Loading assembly to memory¶
Renode allows the user to load assembly code in several ways:
LLVMAssembler used mainly for tests,
writing hex instructions directly which can be used for custom instructions,
loading compiled ASM code directly, described below
Note
Before going further, it is recommended to read the Debugging with GDB and Debugging with VSCode chapters.
Prerequisites¶
You need to have the target architecture’s GNU toolchain, e.g RISC-V or ARM. We’ll use riscv64-unknown-elf-*
utilities (for ARM you’d use arm-none-eabi-*
).
Compiling assembly code to an executable¶
Let’s start with simple RISC-V assembly that stores and loads from memory at 0x00064000
:
.globl _start
_start:
li a0, 0x00064000
li a2, 0x5
sw zero, (a0)
lw a4, (a0)
sw a2, (a0)
lw a4, (a0)
loop:
j loop
To compile the code use your GNU toolchain’s as
and ld
:
riscv64-unknown-elf-as -march=rv64imac_zba_zbb asm.s -o asm.o
riscv64-unknown-elf-ld asm.o -o asm.elf
Let’s use this simple asm.resc file with platform:
using sysbus
machine LoadPlatformDescriptionFromString
"""
cpu: CPU.RiscV64 @ sysbus
cpuType: "rv64imac_zba_zbb"
privilegedArchitecture: PrivilegedArchitecture.Priv1_10
timeProvider: empty
dram: Memory.MappedMemory @ sysbus 0x00
size: 0x06400000
"""
machine StartGdbServer 3333
sysbus LoadELF @asm.elf
Notice, that we need CPU type and model in our platform to match compiled ASM code. Here we have model CPU.RiscV64
and cpuType
as rv64imac_zba_zbb
.
For more details go to Configuring a RISC-V CPU.
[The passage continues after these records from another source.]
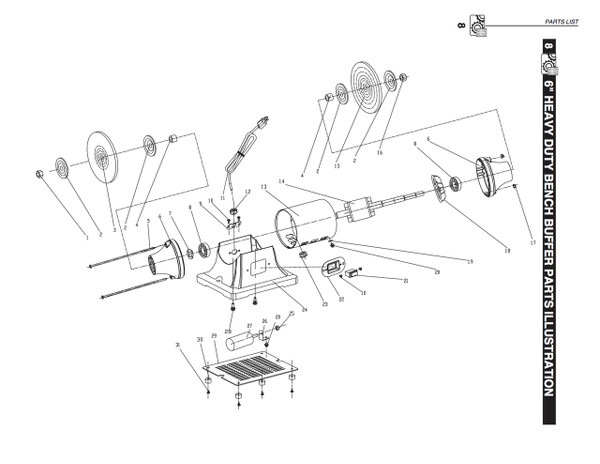 KEY#2 BF600002 Flange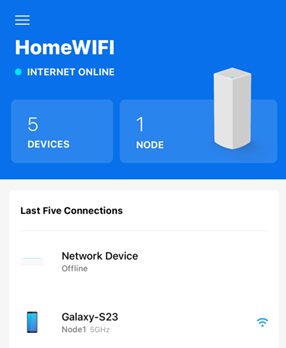 Menu icon for iOS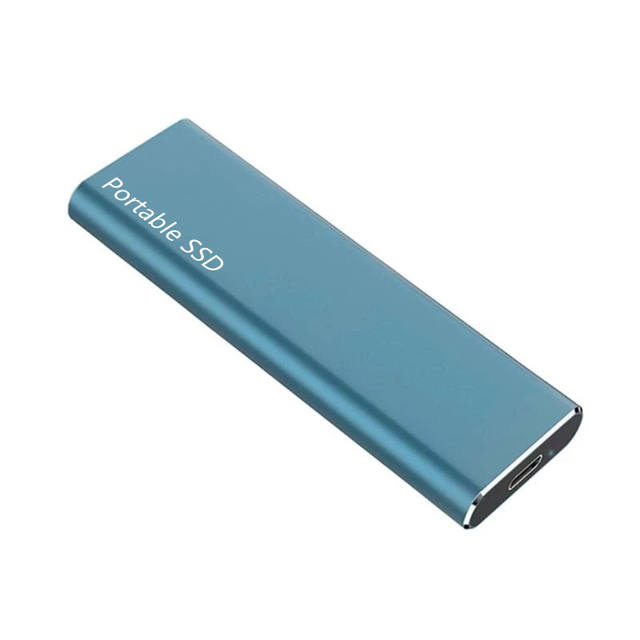 Cross-border Explosions Mobile Solid State Drive SSD 16TB 30TB 60TB Expansion High Speed Transmission Mobile Hard Drive detail 9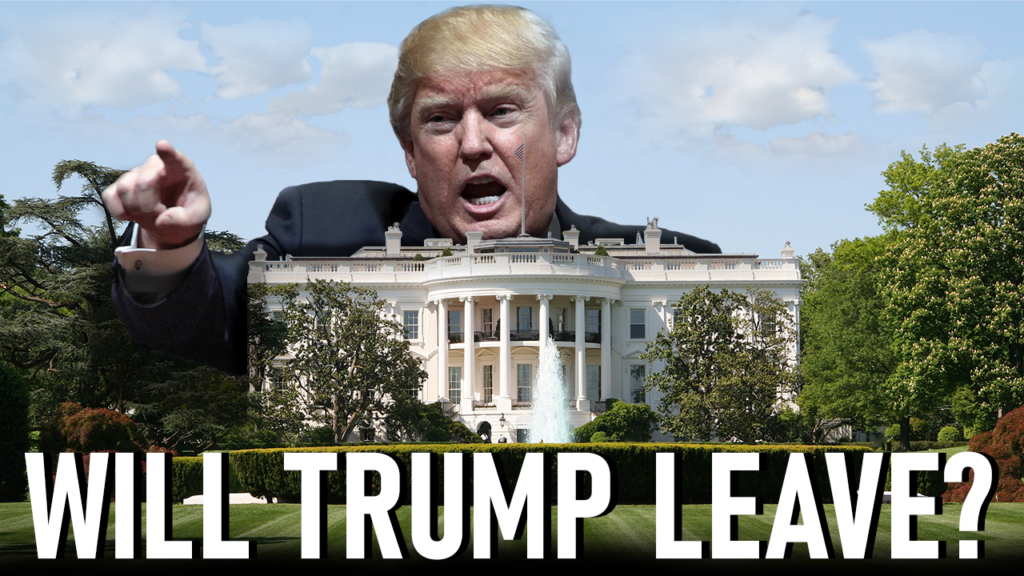 Will Trump Leave Office?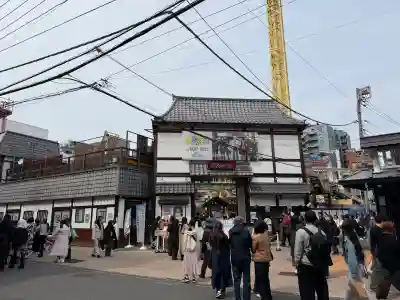 浅草寺の周辺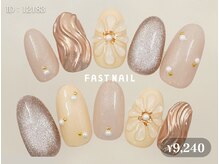 ファストネイル 渋谷店(FAST NAIL)/フラワーネイル/花/マグネット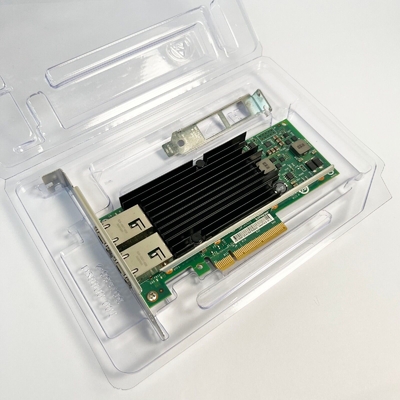 Intel X540-T2 10 Gb PCIe PCI Express X8 Ethernet Ağ Adaptörü Fiber Kanal Arayüzü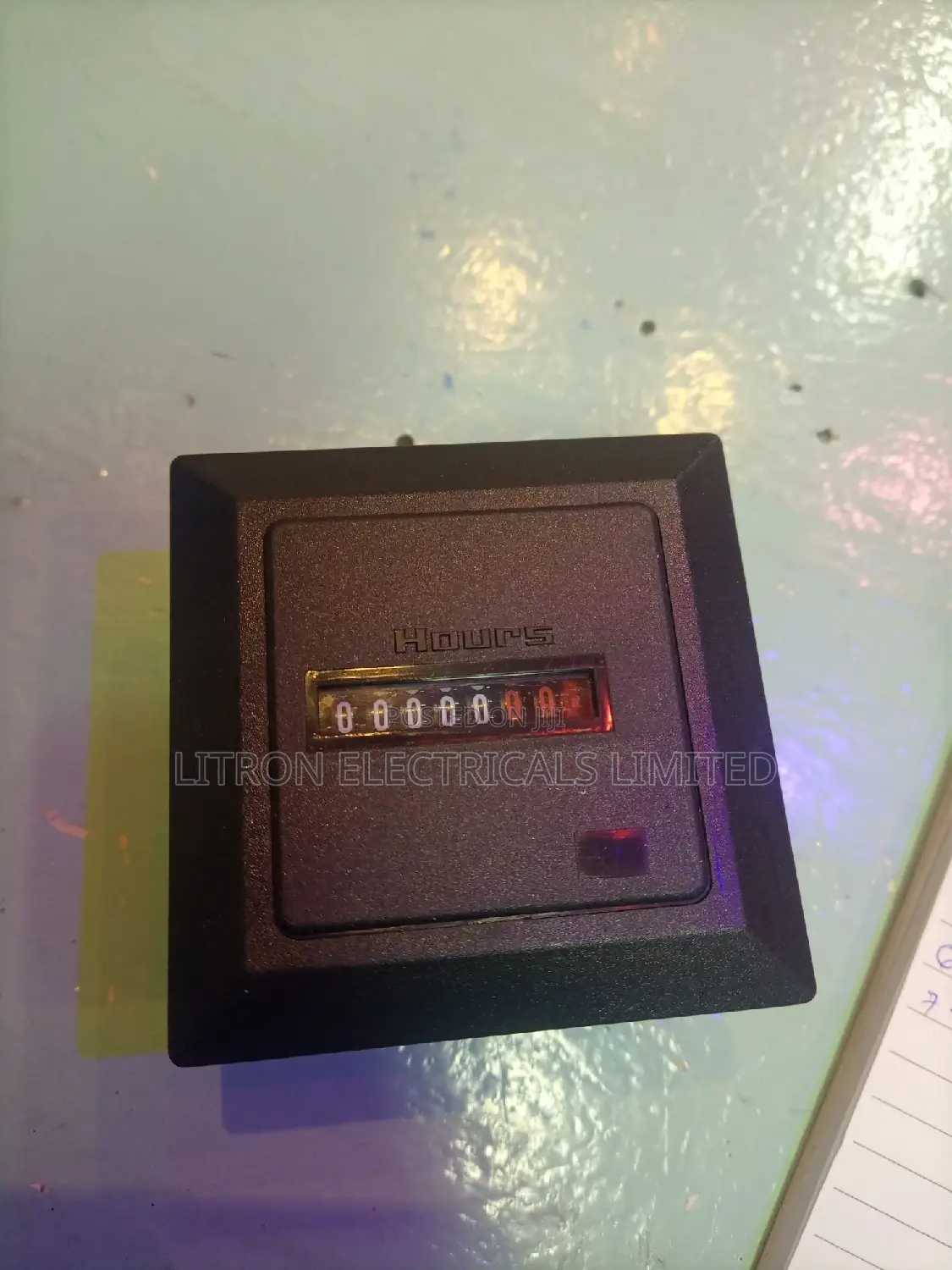 Hour Meter Analog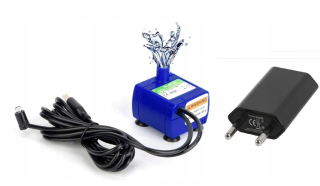 Miska pre mačky - LED fontána plniaceho čerpadla pre mačku s napájaním USB
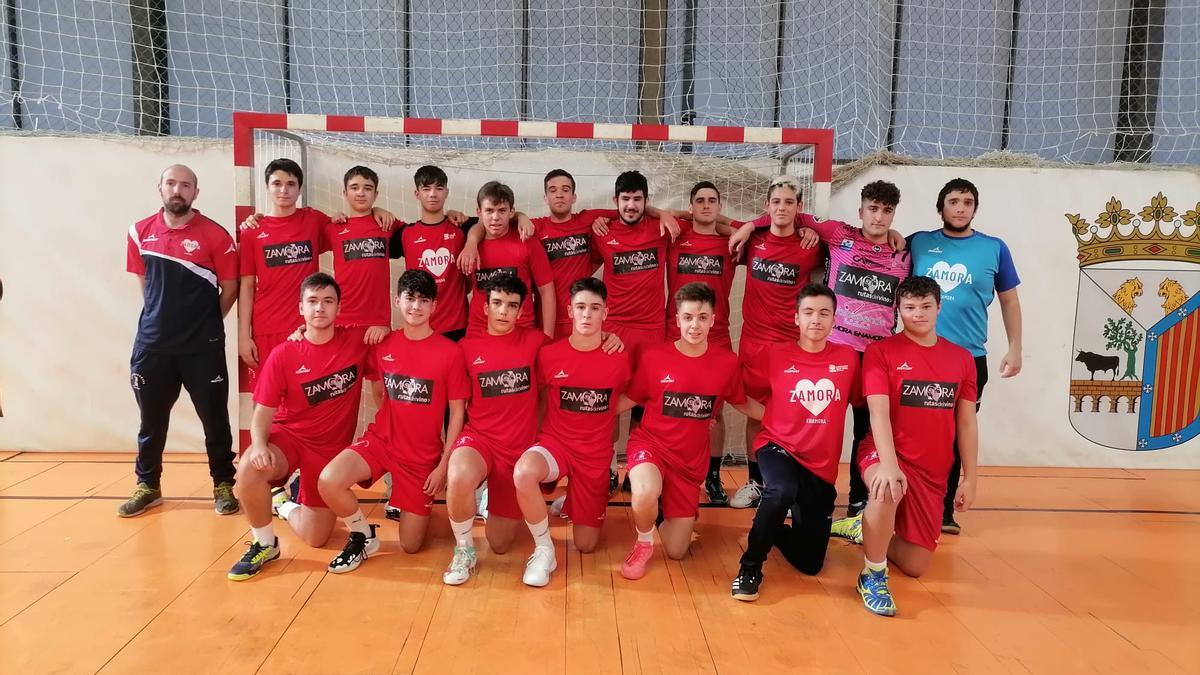 Formación del Moralejo Selección, equipo del BM Zamora.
Start Renode with this .resc file:
$ renode asm.resc
(monitor) i $CWD/test.resc
(machine-0)
Now in separate terminal use the target architecture’s GDB:
$ riscv64-unknown-elf-gdb asm.elf
In GDB connect to Renode’s GDB server:
(gdb) target remote :3333
Remote debugging using :3333
0x00000000000100b0 in _start ()
It’s best to use GDB’s TUI with ASM and register view. To do that:
(gdb) tui enable
(gdb) layout asm
(gdb) layout regs
Now you can see registers and our assembly source.
To step over use si
.
┌─Register group: general────────────────────────────────────────────────────────────────────────────────────┐
│zero 0x0 0 ra 0x0 0x0 │
│sp 0x0 0x0 gp 0x0 0x0 │
│tp 0x0 0x0 t0 0x0 0 │
│t1 0x0 0 t2 0x0 0 │
│fp 0x0 0x0 s1 0x0 0 │
│a0 0x0 0 a1 0x0 0 │
│a2 0x0 0 a3 0x0 0 │
└────────────────────────────────────────────────────────────────────────────────────────────────────────────┘
│ >0x100b0 <_start> lui a0,0x64 │
│ 0x100b4 <_start+4> li a2,5 │
│ 0x100b6 <_start+6> sw zero,0(a0) │
│ 0x100ba <_start+10> lw a4,0(a0) │
│ 0x100bc <_start+12> sw a2,0(a0) │
│ 0x100be <_start+14> lw a4,0(a0) │
│ 0x100c0 <loop> j 0x100c0 <loop> │
│ 0x100c2 unimp │
└────────────────────────────────────────────────────────────────────────────────────────────────────────────┘
remote Thread 1 (asm) In: _start L?? PC: 0x100b0
(gdb)
Do note that some instructions are pseudoinstructions and the source you’ve written may not necessarily be the same as the assembly view in GDB. The generated instructions may also differ between LLVMAssembler and GNU as.
Debugging tlib¶
Note
Remember to compile and start Renode with debug flag (build.sh -d
, renode -d
) for this to work!
Renode also gives you option to see how the instructions are being translated. To do that we’ll use VSCode.
After starting Renode and attaching GDB, move to VSCode and navigate to src/Infrastructure/src/Emulator/Cores/tlib/arch/riscv/translate.c
and set the breakpoint right before the case OPC_RISC_LUI:
, and use the provided (gdb) Tlib Attach
launch script.
Search for the Renode process, it should be mono
or dotnet
type, attach to it (you may need to elevate your privileges to root, for
rootless debugging check YAMA’s ptrace_scope).
Then do si
in GDB, which should make your VSCode stop at the previously-set breakpoint.